In the four final round tournaments CONCACAF has held since going to the current format ahead of World Cup 1998, a qualifying spot has only once been decided by a point: last cycle, when Honduras pushed Costa Rica into a playoff after the two nations finished on 16 points. To subscribe to the view that the U.S. needs a point in Honduras, you have implicitly predict some major slips over the tournament’s final nine games.

The top three finishers in The Hex make Brazil, and since 1998, the tournament’s third-place finisher has averaged 15.75 points. The highest total was the U.S.’s 17 in 2002 while Jamaica managed to qualify for France 1998 when their paltry 14 points claimed third place.

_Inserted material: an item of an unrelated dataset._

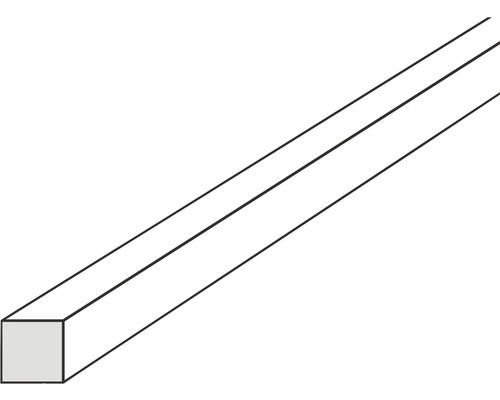 Kunststof vierkante strip 1,0x1,0x1000 mm wit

CONCACAF Qualifying – By The Numbers
Four tournaments give us very little data to crunch regarding CONCACAF’s final qualifying round, but if this year’s round robin plays out like years’ past, around 16 points should get you to Brazil, while 20 will likely take the group:

Place Avg. Pts STDEV “Span”
First 20.75 2.22 18.5-23.0
Second 18.75 2.37 16.4-21.1
Third 15.75 1.26 14.5-17.0
Fourth 13.75 1.71 12.0-15.5
Fifth 9.25 1.5 7.8-10.8
Sixth 5.25 2.5 3.8-7.8

STDEV – Standard Deviation
“Span” – A completely meaningless figure based on standard deviation and the place’s average points

All those numbers support the popular refrain about home and road performance. That version of conventional wisdom holds that taking care of business at home while scrounging road results will get you to Brazil. If a team were to win all their home games, they’d be at 15 points, right next to the average total that’s qualified teams for World Cups. Swipe a couple of draws on the road, and you’re in.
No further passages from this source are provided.